> **Records supplied**
- - -
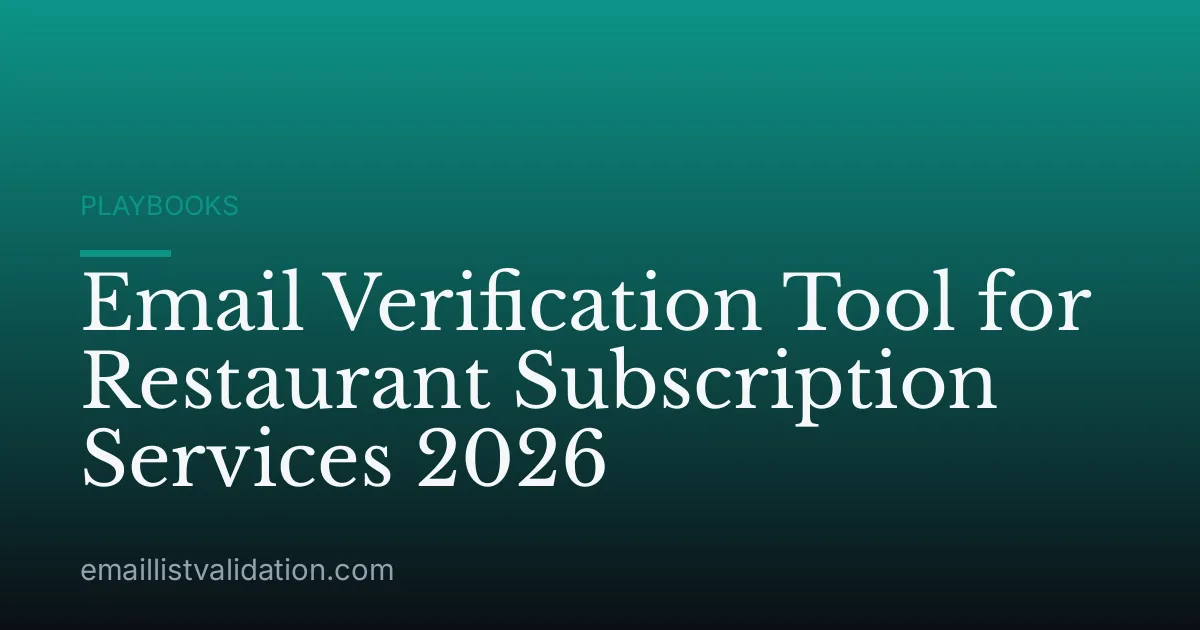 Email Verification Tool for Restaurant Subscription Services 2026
- - -
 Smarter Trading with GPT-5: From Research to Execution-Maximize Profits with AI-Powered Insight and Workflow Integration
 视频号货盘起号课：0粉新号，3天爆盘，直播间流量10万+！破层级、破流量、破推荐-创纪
- - -
> **What to do**
Give back precisely the lines above that start at the line containing "Smarter Trading with" and end at the line containing "视频号货盘起号课：0粉新号，", inclusive. No other lines belong in the output.

> **Answer below**
 Smarter Trading with GPT-5: From Research to Execution-Maximize Profits with AI-Powered Insight and Workflow Integration
 视频号货盘起号课：0粉新号，3天爆盘，直播间流量10万+！破层级、破流量、破推荐-创纪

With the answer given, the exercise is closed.